Personal growth isn't linear. Fredrik taught me that.

Founder's Letter - April 8, 2026

Revenue Journal

For the past twelve months, I've been able to spend a significant part of my time building Aira.app , Upsales' newest venture and our AI-powered sales assistant.

That's only possible because of the people I have around me. People I trust completely to hold things together and push things forward while my attention is divided. This is a story about one of them.

I've known Fredrik since we were fourteen years old. We grew up together, and somewhere along the way, he ended up joining my company. That was in 2014. He's still here today, leading our sales team, breaking records year after year. But the path between then and now was anything but straight.

Before joining Upsales, Fredrik had built an impressive career at one of Sweden's largest media companies. He started in sales, got promoted into management, and eventually led a large team. He won the award for best sales rep, out of three hundred people, two years in a row. By any measure, he was a success. And then he decided to leave it all behind and bet on tech.

This is what a closer looks like

He joined as a sales rep. And he put his money where his mouth was, literally.

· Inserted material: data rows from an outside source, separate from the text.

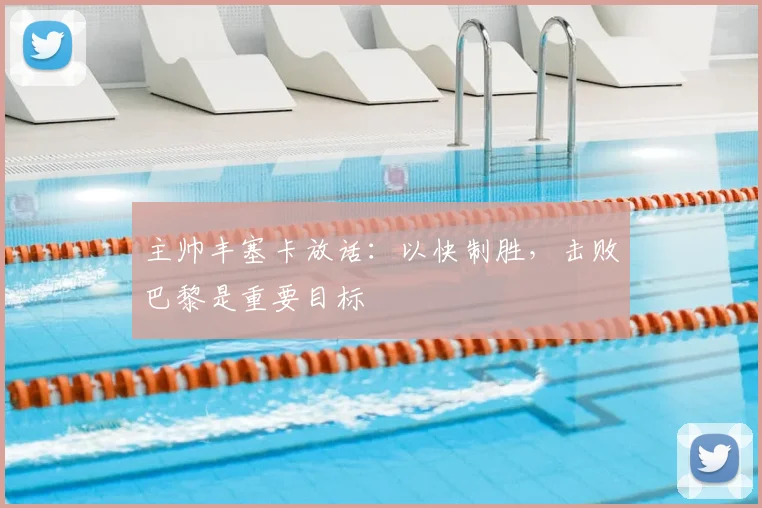 主帅丰塞卡放话：以快制胜，击败巴黎是重要目标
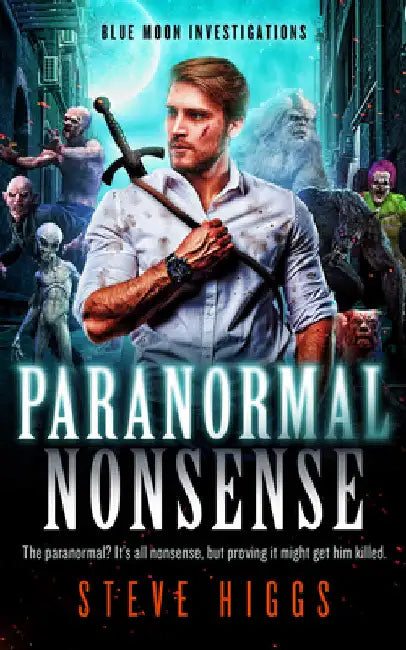 Paranormal Nonsense by Steve Higgs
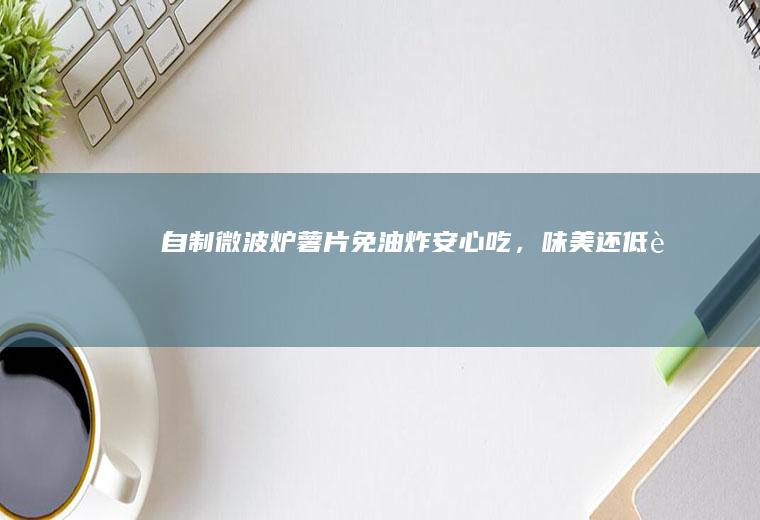 自制微波炉薯片！免油炸安心吃，味美还低脂~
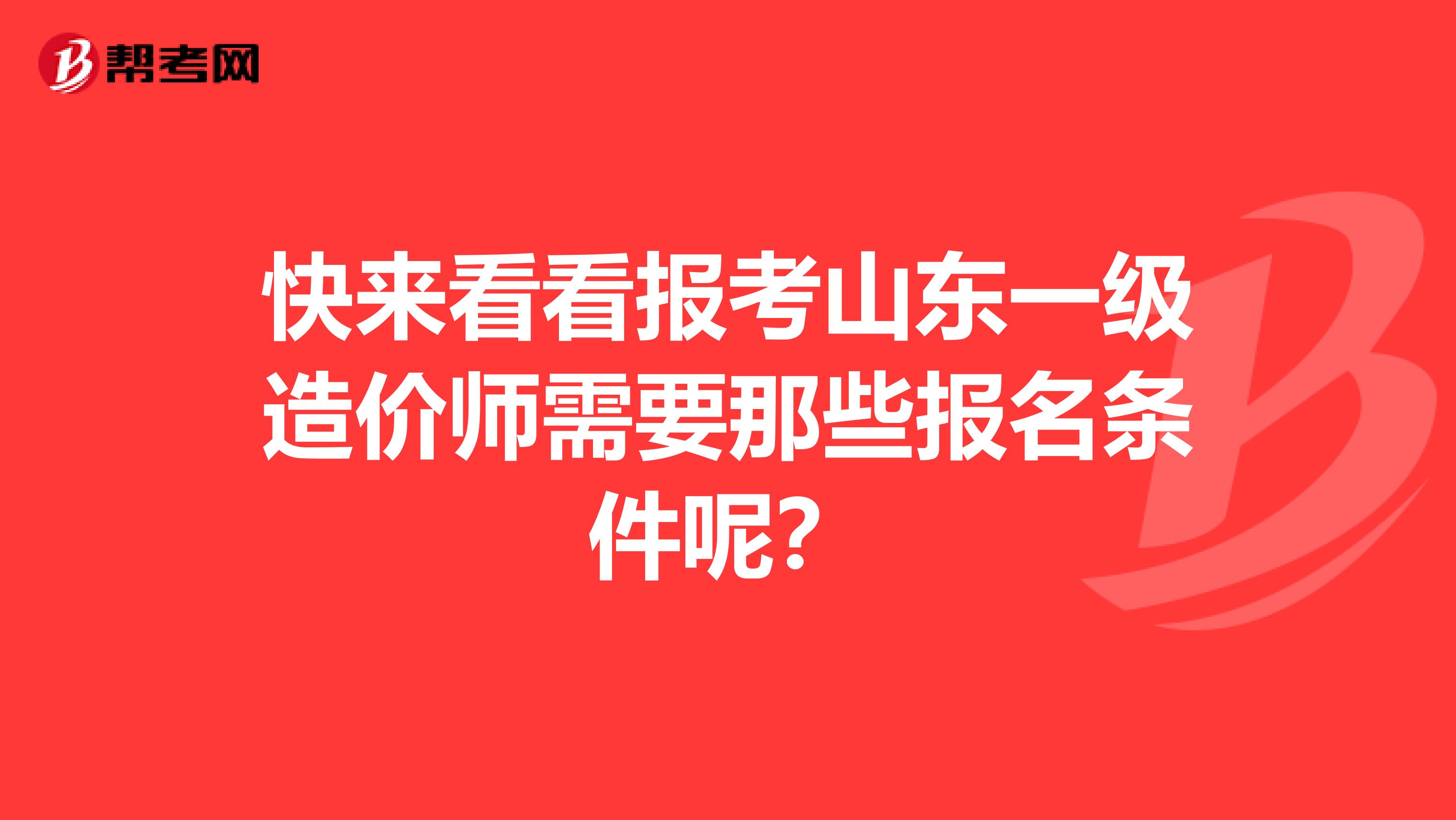 快来看看报考山东一级造价师需要那些报名条件呢？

He took a significant part of his savings and bought one percent of the company. In 2014, that was a leap of faith. In hindsight, it turned out to be a very good investment. But at the time, it was a bet on himself, on me, and on something that hadn't yet proven itself.

The plan was simple: learn the ropes, get the product under his skin, then step into a management role. What we didn't fully anticipate was how different enterprise software sales is from selling ad space. The complexity, the longer cycles, the different kind of trust you have to build, it's a different game entirely.

Fredrik worked harder than almost anyone I've seen. But around month three or four, he asked me to step into a room with him. And he told me, quietly, that he didn't think he was going to make it. That this was harder than he'd imagined. That he wasn't sure he could do it.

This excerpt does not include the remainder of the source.